Types of ad targeting

But it’s not hard to imagine a third way: Ads that don’t follow the individual (targeted ads), and rather ad inventory that is tied to the content it lives next to.

Such content-based ads could approximate interest (rather than demographics), and do so entirely anonymously, without any tracking whatsoever. Everyone who’d look at a piece of content would see the same ads. This is fairly similar to the traditional mass media model, but with one major difference: Since content on the web is far more granular than mass media could ever be, it should allow for fairly good matching of ad inventory to reader interests.
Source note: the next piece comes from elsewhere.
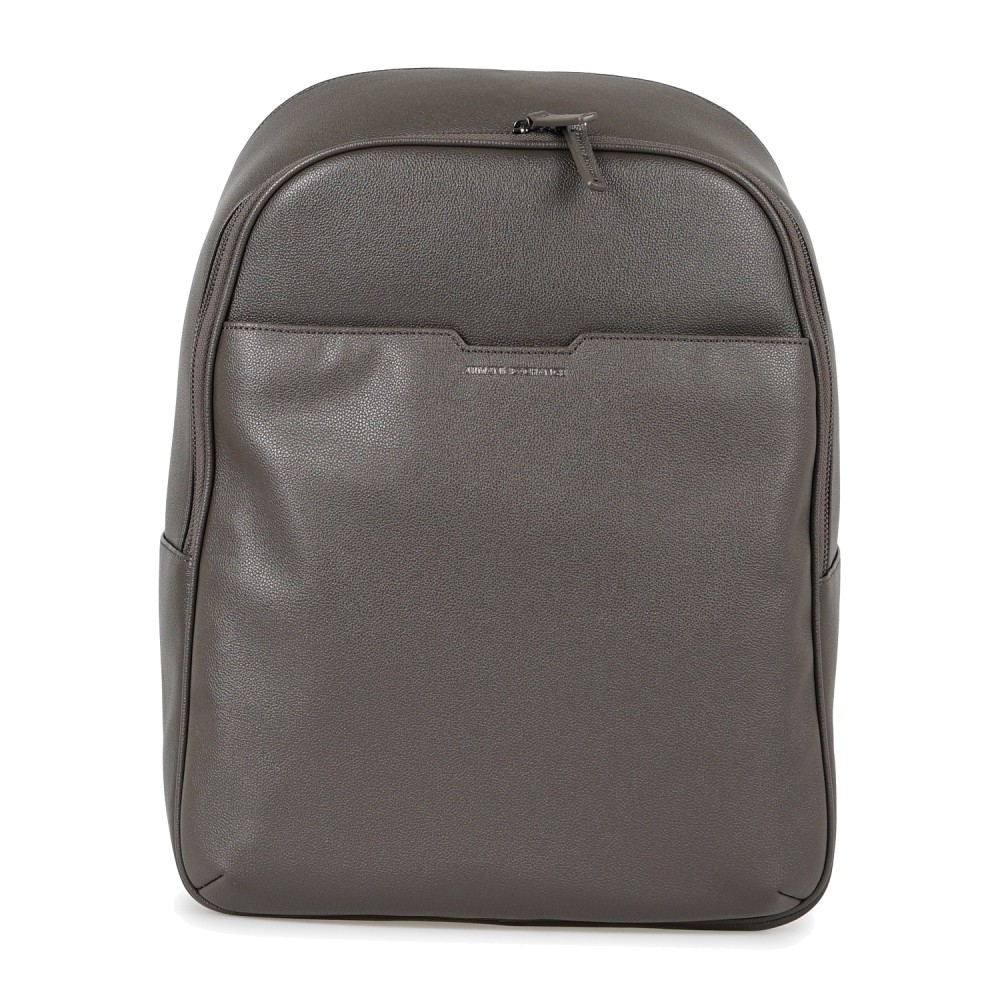 Armani Exchange - Zaino marrone in ecopelle con tasca a filetto sul fronte con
Only in this model, it would be untracked, anonymous, clean.

Now, if we don’t want the many, many billions of dollars spent on digital advertising to go towards toxic ads, we need to redirect them. They won’t simply be not spent — they need another place to go. Which means there’s an opportunity to build an inventory of clean advertising space worth billions, and make the web a better place doing so. If this model succeeds, we’d have restored an essential quality of the web: free, anonymous movement across websites and content.

We’d be back at a point where we read the internet, rather than the internet reading us.


Thanks to Johannes Klingebiel for pointing me to one of the studies above.